Em Bukhara, procuraram um veterinário que atribuísse um passaporte a Darya – “Um filme!” –, mas tiveram de suborná-lo para que colasse nele o selo de uma vacina que o bicho era demasiado novo para tomar. Colocaram-lhe uma pulseira das delas a fingir de coleira. E compraram comida seca. O resto foi acreditar na sorte.
Na fronteira para o Tajiquistão, ninguém deu por ele, escondido no conforto da sua caixa acomodada entre os alforges e o selim de Gary. As ciclistas fizeram-lhe uma bola com pelo de ovelha encontrado a esvoaçar para que pudesse brincar, ensinaram-no a portar-se bem, levaram-no numa viagem que tiveram de fazer de comboio, instalaram-no nos poucos hostéis onde pararam para descansar da tenda e viram-no aprender a subir árvores e a roubar-lhes comida.

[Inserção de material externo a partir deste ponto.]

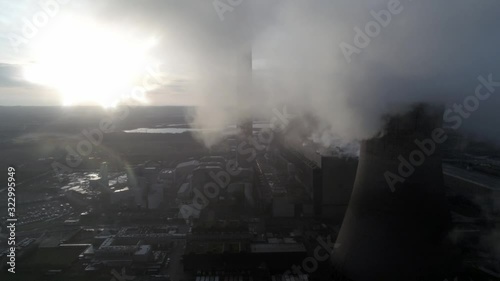 Aerial descending away from UK power station cooling towers smoke steam emissions at sunrise.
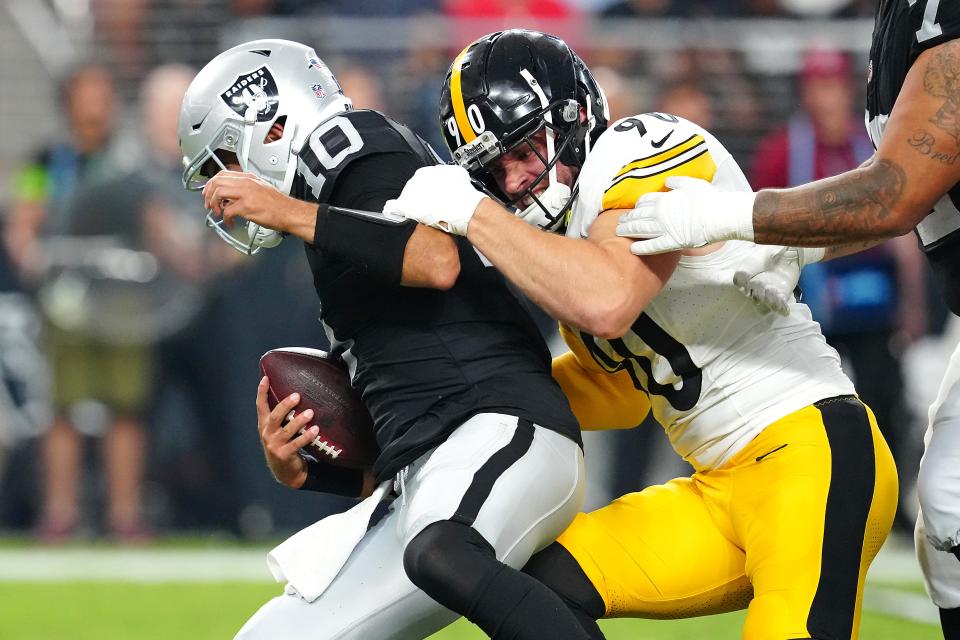 Pittsburgh Steelers linebacker T.J. Watt sacks Las Vegas Raiders quarterback Jimmy Garoppolo.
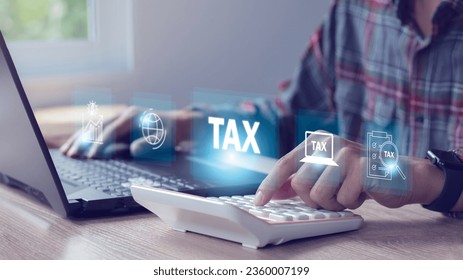 Businessman using laptop to fill out online tax return form to pay Financial research, government taxes, and tax return calculation concepts. - Shutterstock ID 2360007199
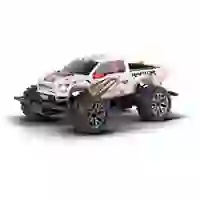 Ein ferngesteuertes Truck-Spielzeug im Offroad-Stil mit großen, groben Reifen und einer weißen Karosserie mit orange-schwarzen Grafiken.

Darya fez toda a viagem pelos “istões”, com algumas subidas a altitudes acima de 4500 metros, adoeceu levemente as vezes que teve de ser (são as normais dores de crescimento), ainda se esmurrou certa vez numa bulha e teve um dia em que resolveu ir dar uma volta, mas regressou. E cumpriu o sonho de tantos: a emigração para a Europa, para a França delas.

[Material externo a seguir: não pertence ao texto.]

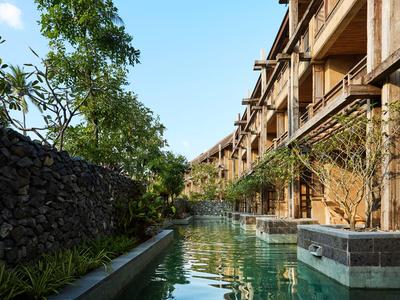 Langer Wasserkanal mit klarem Wasser neben einem Gebäude mit Holzfassade und grünen Bäumen.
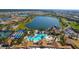 Aerial view showcasing a community clubhouse, swimming pool, and a scenic lake amid residential homes at 17026 Loudon Pl, Bradenton, FL 34202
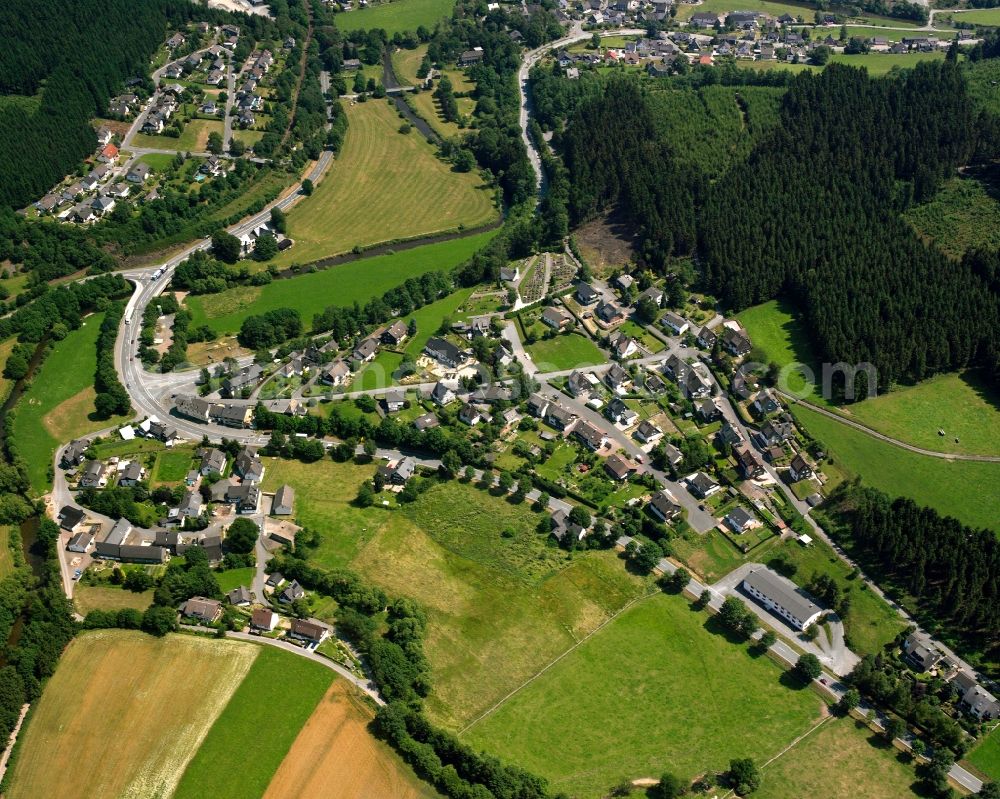 Raumland from above - Agricultural land and field boundaries surround the settlement area of the village in Raumland in the state North Rhine-Westphalia, Germany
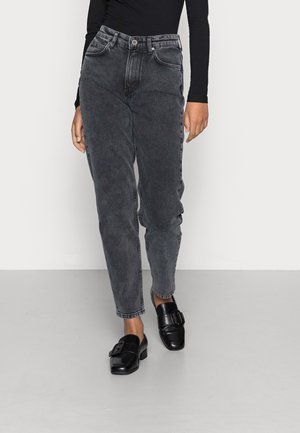 Jean taille haute, coupe droite en denim noir délavé avec une finition légèrement usée. Associé à des chaussures noires à enfiler avec une boucle.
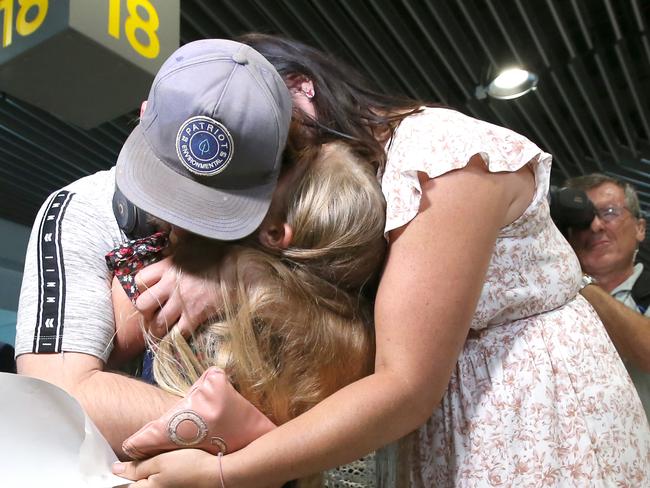 BRISBANE, AUSTRALIA - DECEMBER 01: Matt Jacobi (L) is greeted by his partner Ash and daughter Peyton, as he arrives from Sydney, after four months apart from each other on December 01, 2020 in Brisbane, Australia. Queensland has eased its COVID-19 border restrictions, with travelers from New South Wales and Victoria now permitted to enter the state without having to quarantine. (Photo by Jono Searle/Getty Images)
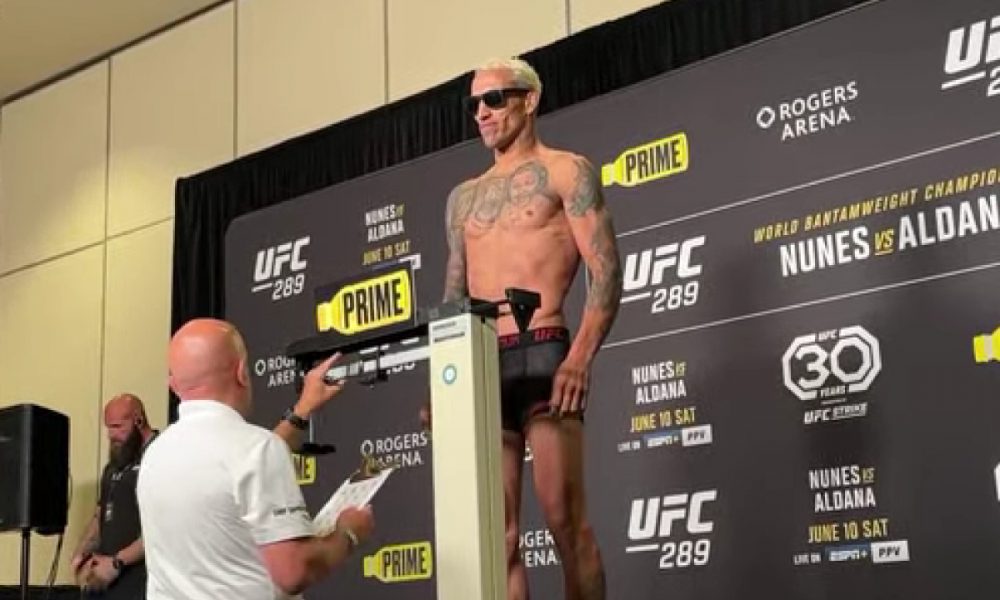 Charles Do Bronx sobre na balança de óculos escuros em pesagem do UFC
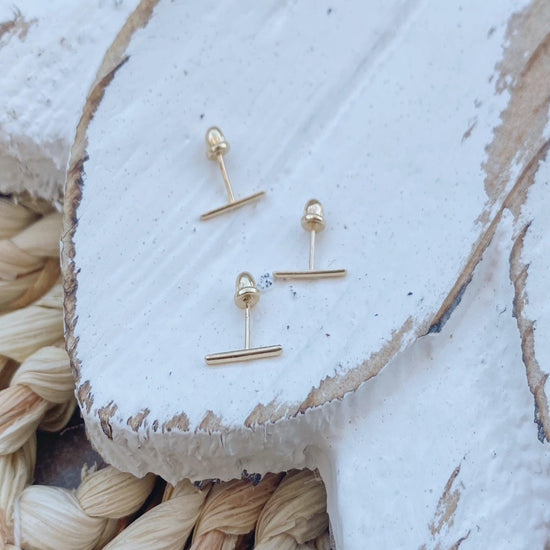 These Gold Bar stick earrings are simple and elegant. The gold setting makes these earring a great addition to your jewelry collection.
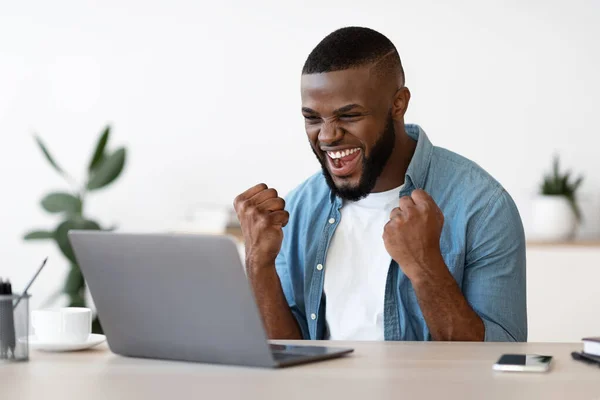 Joyeux homme noir avec ordinateur portable levant les poings sur le lieu de travail, célébrer le succès des entreprises — Photo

Guia de preparação do animal viajante
Exigências internacionais
O site da Direção-Geral de Alimentação e Veterinária é extremamente completo quanto às exigências de cada país, mas não isenta da consulta de informações nas embaixadas dos destinos.
Doenças mais comuns
Leptospirose; leishmaniose (mesmo em deslocações nacionais é preciso ter noção dos sítios onde ocorre); dirofilariose (estas duas últimas são provocadas por mosquitos. Cuidado ao passear o animal ao final do dia nos lugares mais quentes, é altura deles)
Preparação
Para lá do kit de primeiros socorros incluindo analgésicos, medicação crónica e algo para o enjoo, importa conhecer as regras para o transporte de animais dentro de cada país, seja de carro, autocarro, comboio ou avião. Prever alimentação se o destino for mais “original” também pode ser uma boa ideia. E levar um brinquedo habitual é uma ajuda.
Pela estrada
No carro, um cinto de segurança para cães impõe-se em muitos países (incluindo Portugal) quando não houver transportadora. Importa que o animal esteja habituado para não se gerarem situações de stress. Se andar de carro desde muito novo, é meio caminho andando para tudo correr bem. Caso contrário, a preparação terá de passar pelo treino antes da viagem, com estadias dentro do automóvel. Elaborar um percurso com paragens recorrentes é fundamental, porque o animal precisa de acesso frequente a água e de sticar as pernas e gastar alguma energia contida. Também se pode treinar a estadia prolongada numa transportadora, mesmo em casa, para que uma viagem seja mais fácil de aguentar.
Pelo ar
Essa premissa é tanto mais evidente no transporte aéreo no caso de animais que têm de seguir no porão. Estarem preparados é fundamental. No caso da transportadora aérea portuguesa, só se pode levar um animal de estimação (cão ou gato, os restantes vão na TAP Cargo) em cabine se o peso combinado com a caixa de transporte, obrigatoriamente flexível, for até 8 kg, Daí para cima, a viagem tem que ser no porão, com um máximo de peso acumulado de 45 kg. A marcação, com indicação do tipo de caixa que se usa, deve ser feita até 48 horas antes do voo. Os braquicéfalos não podem viajar no porão. Os preços variam em função da rota e do peso e arrancam nos 40 euros. Quanto à idade, só a partir de 12 semanas (dez em cabine e no caso de voos dentro de Portugal e para Espanha). Atenção com escalas e trocas de companhias. Mais informação na página da TAP.
Estadias
Em caso de recurso a hotéis e outros alojamentos, clarificar previamente se aceitam animais. Apesar de ser cada vez mais comum, não é generalizado. A preparação de uma viagem por estrada implica a habituação dos animais ao movimento, ao qual são mais sensíveis do que o ser humano.